Today’s blog post is by guest blogger Kori Shearstone, one of our student ambassadors! Kori attends Ryerson University in Toronto and studied abroad at the University of South Australia in Adelaide. Read on to learn about what it’s like to be a North American student in Australia.
If you are currently preparing for your exchange semester and are about to burst from excitement, you are most likely thinking about the big picture. Coming to Australia, I was excited to go diving on the Great Barrier Reef, surfing, and spotting a kangaroo. I did all of these things, but what most people don’t realize is that it’s the little things that make North Americans unique and Australians different that are most cherished and shared during exchange.

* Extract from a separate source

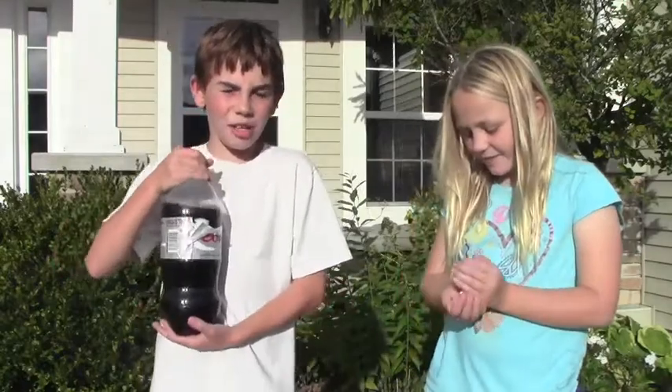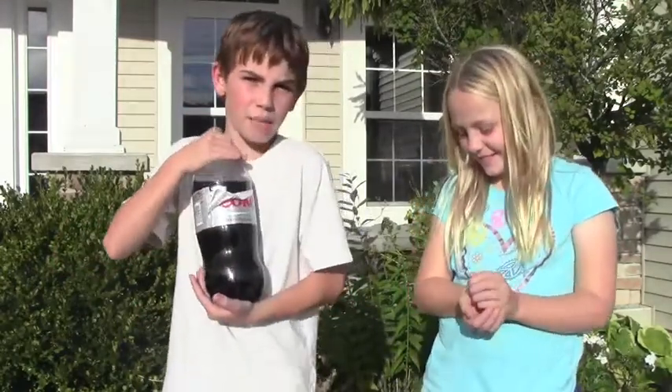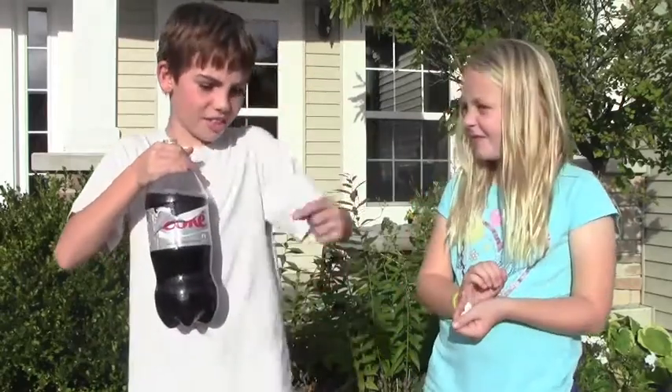Hey guys, we're doing the coke and mentos challenge. We're not putting the coke and mentos in our mouth because we just don't want to, so we're just gonna do it on the driveway. Let's go.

Trying to explain to Australians what Tim Horton’s is and why it’s so fantastic when bagels are scarcely found, is not the easiest task. So since I couldn’t bring Tim Horton’s to them I had to show them something else. Myself and my new found Canadian buds had to bake a pumpkin pie for our awesome European and Australian pals who had never heard of such a thing.

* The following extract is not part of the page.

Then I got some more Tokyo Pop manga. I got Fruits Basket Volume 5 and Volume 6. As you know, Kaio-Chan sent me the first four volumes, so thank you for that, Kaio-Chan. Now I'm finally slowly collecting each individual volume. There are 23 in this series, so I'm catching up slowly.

So, we went off to the store and realized there’s no canned pumpkin or cool whip! Yet, we were determined, so we had to create a pie from scratch, something our European friends do quite often. Overall, the pie was a success, but it seemed ironic that being in Australia had made us become more Canadian.
However, being back home makes us seem more Australian! Tim Tams at tea time and enjoying other Aussie foods is what I yearn for. So although you may be excited for those skydives and rainforest exploration, remember it is the journey, not the destination to look forward to. Exchange is like a road trip and you’re likely to take one. What makes a road trip successful is the people, music, and scenery. I never thought I would take a van covered in graffiti through the outback with fellow North Americans, but it was a truly memorable adventure. Sure we rode a camel, but the real adventure was driving on the wrong side of the road and then remembering to drive on that side when turning.
Therefore, I challenge you to think about what truly makes you North American because you may be in a different country to learn about the world, but you will probably learn more about yourself and the things that make you and your country unique.
To learn more about exchange or Australia, click here to check out Kori’s vlog or send her an email at kori.shearstone[at]ryerson.ca.
You can also read more about all of our student ambassadors and their studies in Australia on our website here.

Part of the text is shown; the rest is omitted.